(Short text fragments from websites)
* * * * * * * * *
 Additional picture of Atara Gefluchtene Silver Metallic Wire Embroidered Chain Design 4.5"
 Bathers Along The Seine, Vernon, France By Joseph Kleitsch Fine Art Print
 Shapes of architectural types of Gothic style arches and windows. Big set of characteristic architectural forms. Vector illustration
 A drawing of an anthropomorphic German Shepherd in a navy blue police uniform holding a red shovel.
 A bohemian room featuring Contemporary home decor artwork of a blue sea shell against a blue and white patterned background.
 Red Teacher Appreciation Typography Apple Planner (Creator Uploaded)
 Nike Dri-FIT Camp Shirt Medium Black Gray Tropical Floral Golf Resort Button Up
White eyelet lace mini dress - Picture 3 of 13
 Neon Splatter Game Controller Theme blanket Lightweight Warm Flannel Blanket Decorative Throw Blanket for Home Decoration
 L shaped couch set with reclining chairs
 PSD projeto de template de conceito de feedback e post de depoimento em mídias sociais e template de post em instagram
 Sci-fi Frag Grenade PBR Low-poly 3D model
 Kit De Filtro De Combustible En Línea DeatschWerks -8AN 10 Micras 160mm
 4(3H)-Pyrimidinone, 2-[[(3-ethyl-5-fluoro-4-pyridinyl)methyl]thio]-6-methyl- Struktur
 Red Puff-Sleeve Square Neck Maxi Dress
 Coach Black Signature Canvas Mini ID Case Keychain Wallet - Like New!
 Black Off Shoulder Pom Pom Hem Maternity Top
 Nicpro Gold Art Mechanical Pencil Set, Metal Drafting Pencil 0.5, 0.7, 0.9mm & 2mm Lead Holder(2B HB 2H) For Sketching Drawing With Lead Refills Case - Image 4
* * * * * * * * *
# [Task to carry out]
From the records above, pull every line that carries the word "blue".

# [Answer to this task]
 A drawing of an anthropomorphic German Shepherd in a navy blue police uniform holding a red shovel.
 A bohemian room featuring Contemporary home decor artwork of a blue sea shell against a blue and white patterned background.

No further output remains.